Jana Horáková

Personal information
- Full name: Jana Horáková
- Born: 4 September 1983 (age 41) Prostějov, Czechoslovakia
- Height: 1.72 m (5 ft 7+1⁄2 in)
- Weight: 65 kg (143 lb)

Team information
- Current team: Duratec
- Discipline: Bicycle motocross (BMX)
- Role: Rider
- Rider type: Off road

Professional teams
- 2003–2009: Suzuki-RB Team
- 2010–: Duratec

Medal record
Women's BMX racing
Representing Czech Republic
UCI World Championships
| Bronze medal – third place | 2002 Paulínia | BMX |
| Bronze medal – third place | 2007 Victoria | BMX |
| Bronze medal – third place | 2005 UCI Mountain Bike World Cup | Four-cross |

= Jana Horáková =

Czech professional BMX cyclist

Jana Horáková (born 4 September 1983 in Prostějov) is a Czech professional BMX cyclist. Having started BMX racing at age fifteen, Horakova has claimed numerous Czech national titles, eight European championship titles (a conglomerate of under-12, junior, and elite), and more importantly, two bronze medals in the women's elite category at the UCI World Championships (2002 and 2007). She also represented her nation Czech Republic at the 2008 Summer Olympics, and has been racing professionally for most of her sporting career on the Suzuki-RB Team, before signing an exclusive, three-year sponsorship contract with Duratec in 2010.

Horakova qualified for the Czech squad, as a lone female rider, in women's BMX cycling at the 2008 Summer Olympics in Beijing by receiving an automatic berth from the Czech Cycling Union based on her top-ten performance at the UCI BMX World Rankings. After she surprisingly grabbed an eighth seed on the morning prelims with a time of 38.077, Horakova could not match a stellar ride in her semifinal heat with 16 positioning points and a fifth-place finish, narrowly missing out the top-eight final by a two-point deficit.
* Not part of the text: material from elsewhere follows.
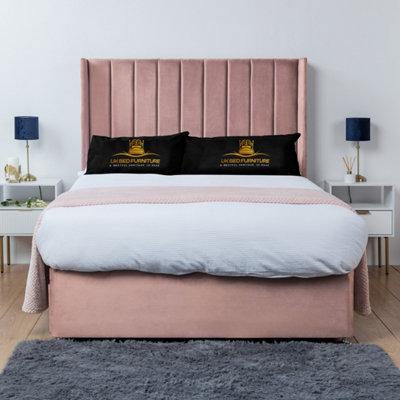 UKBEDFURNITURE Bella Pink Plush Wingback Divan Bed Base With 54 Inch Headboard & 10 Inch Orthopaedic MattressNo Storage from B&Q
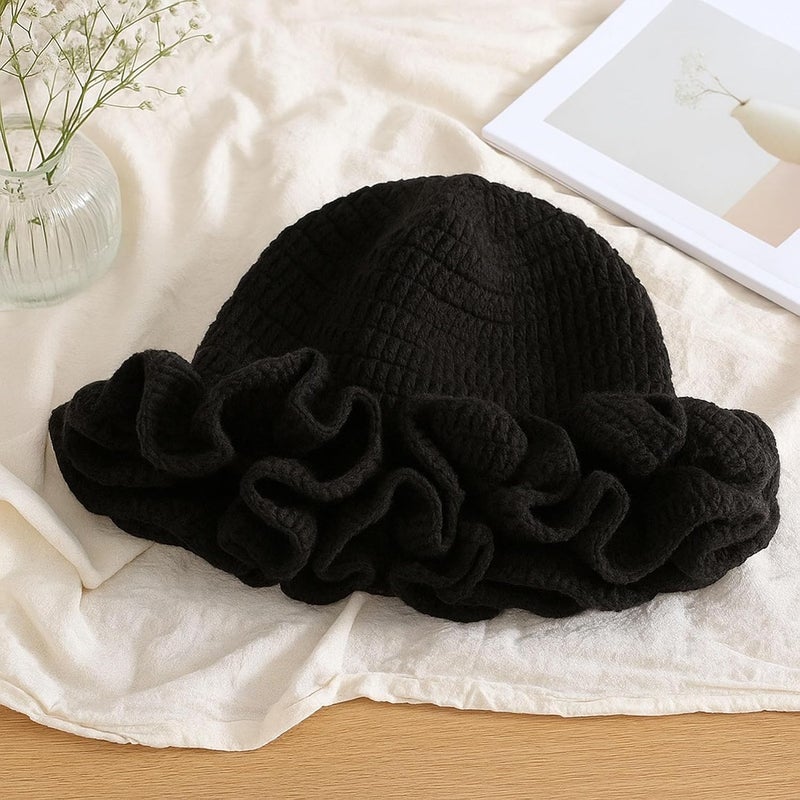 Ahouws Crochet Bucket Hat Women Trendy Knit Floppy Cap Cute Boho Handmade Beanies Outdoor Boho Travel Fishing Hat - Image 4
In September 2011, Horakova had tested positive for the banned substance clenbuterol while participating in fourcross mountain biking at the World Championships. On 28 June 2012 the Union Cycliste Internationale had officially decided to order Horakova a two-year suspension from the UCI World Championships, and more importantly, from the Olympic Games in London, despite being appealed by the Czech Cycling Union earlier of that year.